Data extracted from a collection:
[Start of Attachment]

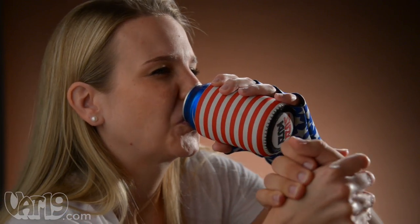The neoprene sleeve keeps your beverage chilled, your hand warm, and your spirit patriotic.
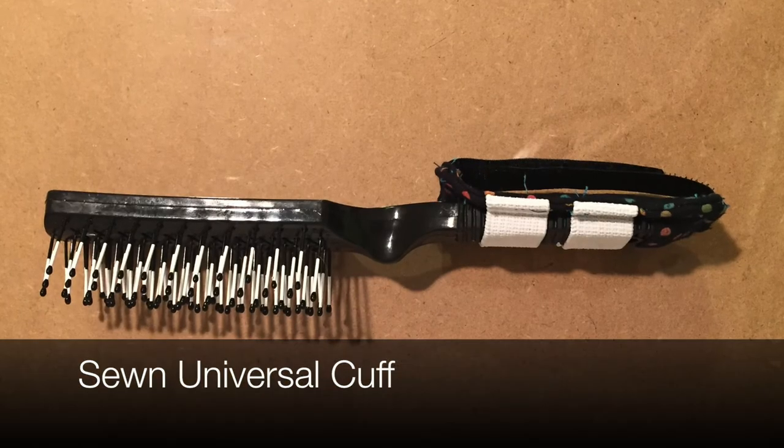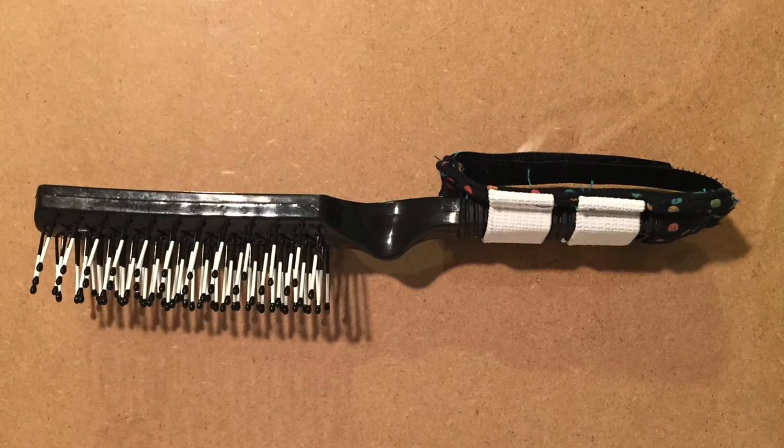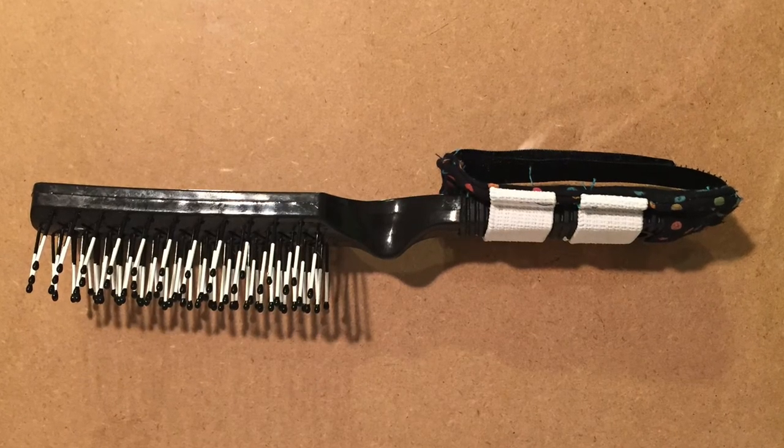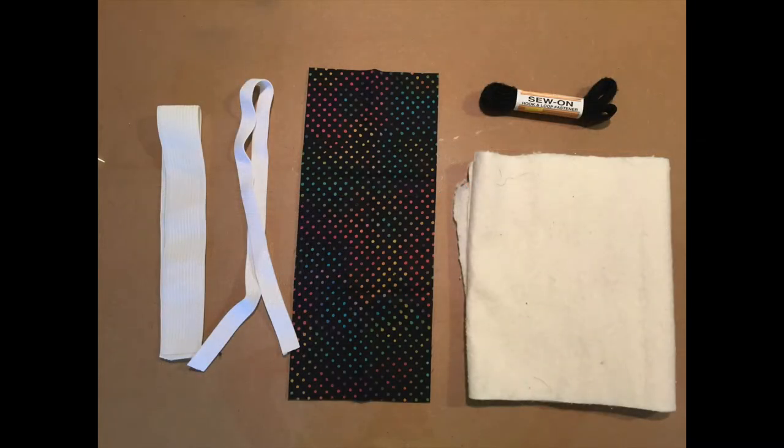Now I'm going to move into a discussion on my homemade universal cuff. The homemade universal cuff I made was sewn, and I used products I had at home, which included a scrap of fabric, a scrap of batting, some Velcro, and some elastic. Although I had these materials at home, they can be easily purchased at a Joann Fabrics for relatively cheap.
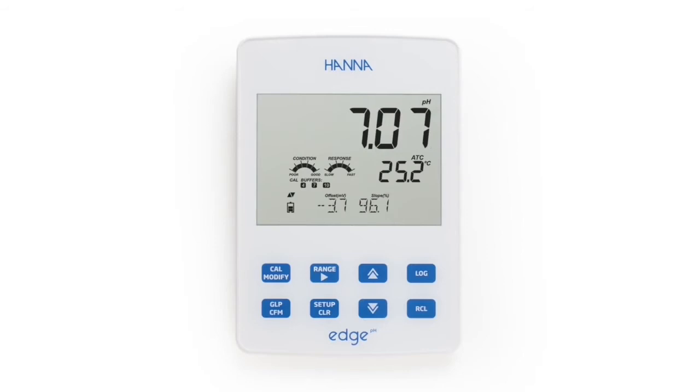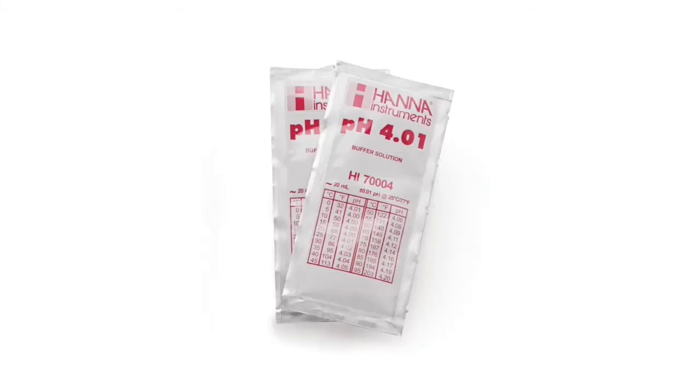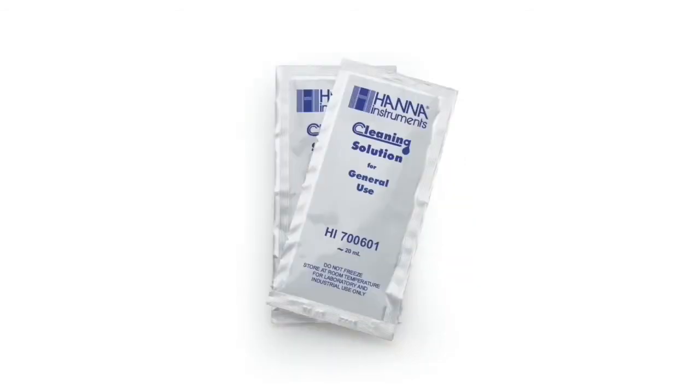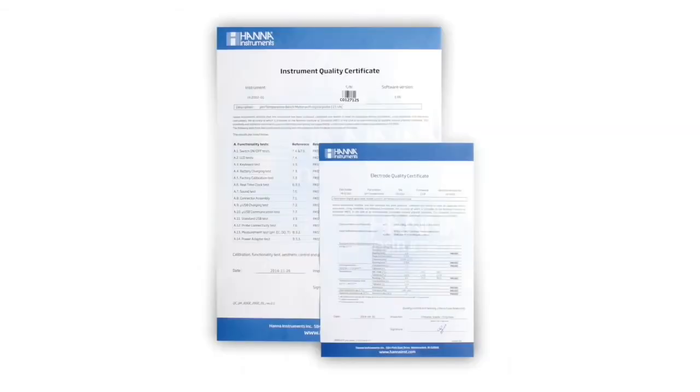Along with the meter you will receive the following: the HI11310 combination double junction pH electrode, a benchtop charging cradle with electrode arm, two sachets each of pH 4, 7, and 10 buffers, two sachets of general purpose cleaning solution, a wall mount charging cradle, an instruction manual with quick start guide, and the instrument quality certificate.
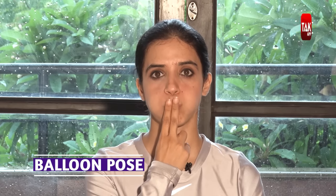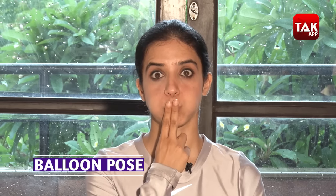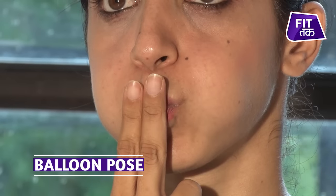Now we'll do asana. This is a beautiful asana that will help you reduce fat, and it's very simple. You'll get the best results in 7 to 8 days. Now make a balloon pose — puff your cheeks and hold.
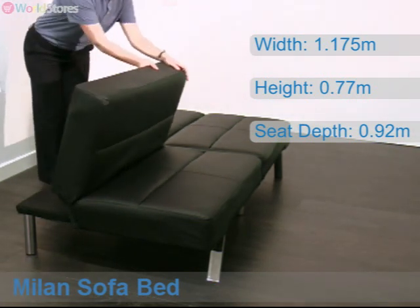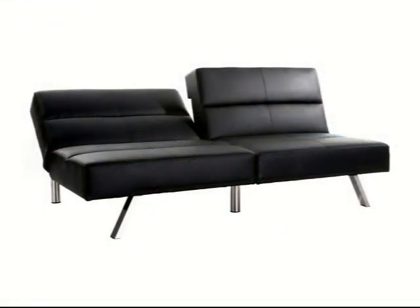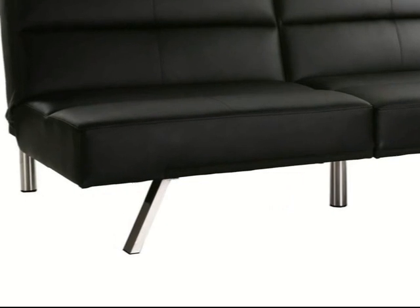The backrest is separated into two sections, which can be fixed at a 45 degree angle for a more relaxed seating position. Easy to pack away, the sofa bed is raised above floor level on strong chrome finished legs.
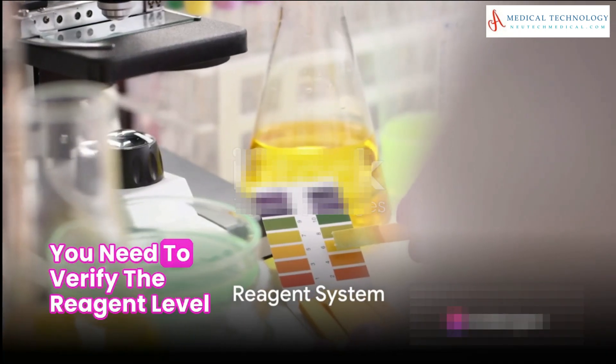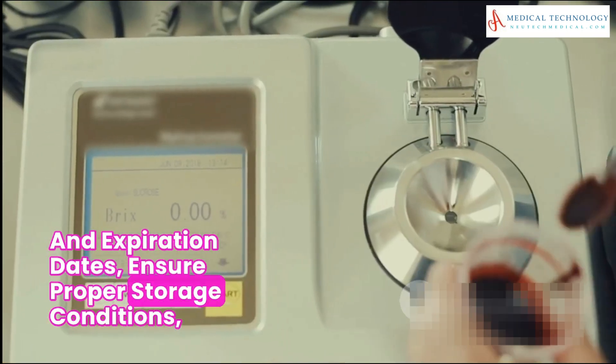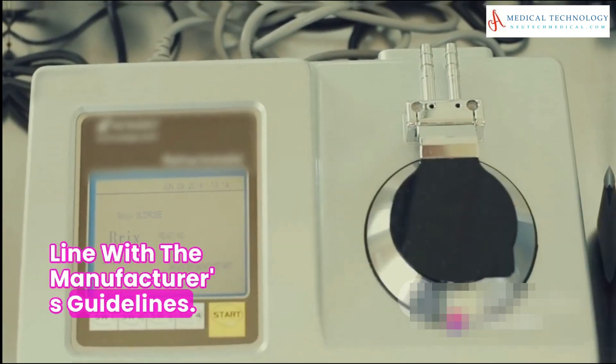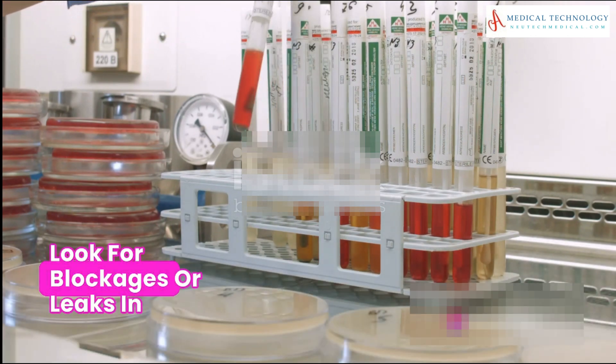Then there's the reagent system. You need to verify the reagent levels and expiration dates, ensure proper storage conditions, and replace reagents if necessary — all in line with the manufacturer's guidelines.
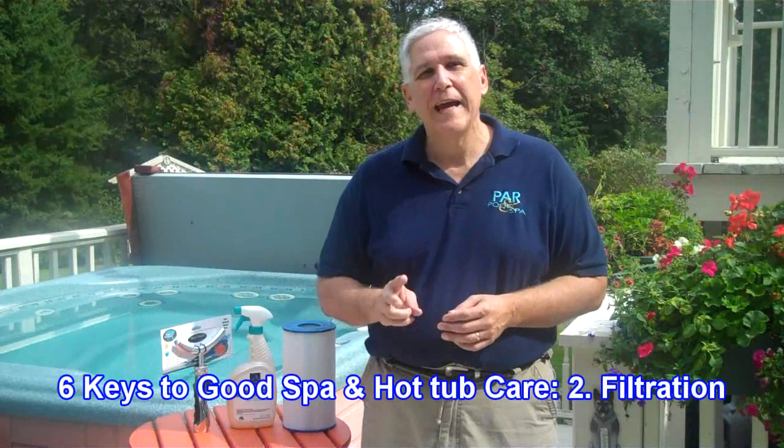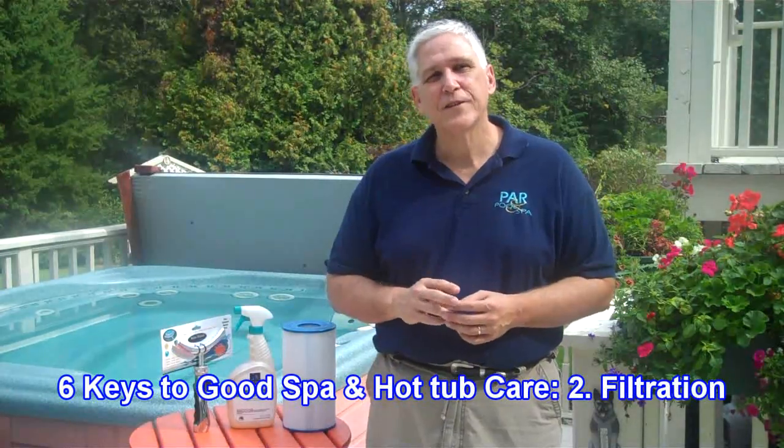Hi, I'm Ron Parse from ParPools.com, and we're going to continue looking at the six keys to good spa and hot tub water care. The second key is filtration.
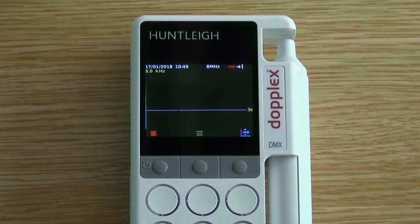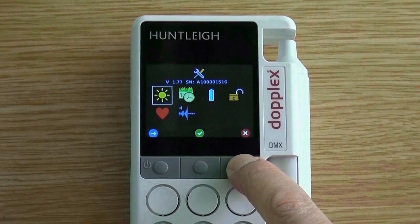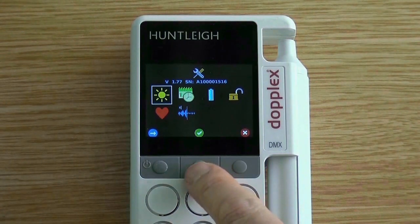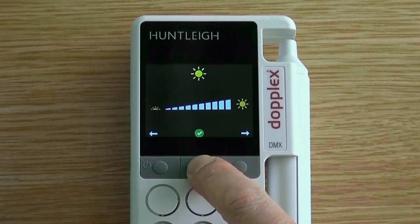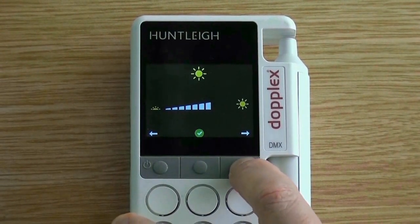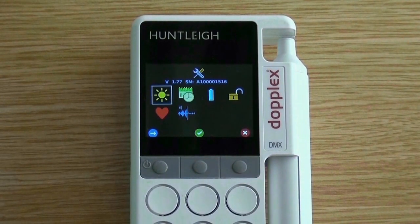Enter the setup screen by pressing the right button for three seconds. With the brightness symbol highlighted, press the middle button. Use the left and right buttons to increase or decrease the screen brightness, then press the green tick to accept.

[End of Attachment]

What the task asks: Leaving out the pictures, return exactly the lines from the one that contains "Then there's the" through the last line of the records above, inclusive.

Solution below:
Then there's the reagent system. You need to verify the reagent levels and expiration dates, ensure proper storage conditions, and replace reagents if necessary — all in line with the manufacturer's guidelines.
Hi, I'm Ron Parse from ParPools.com, and we're going to continue looking at the six keys to good spa and hot tub water care. The second key is filtration.
Enter the setup screen by pressing the right button for three seconds. With the brightness symbol highlighted, press the middle button. Use the left and right buttons to increase or decrease the screen brightness, then press the green tick to accept.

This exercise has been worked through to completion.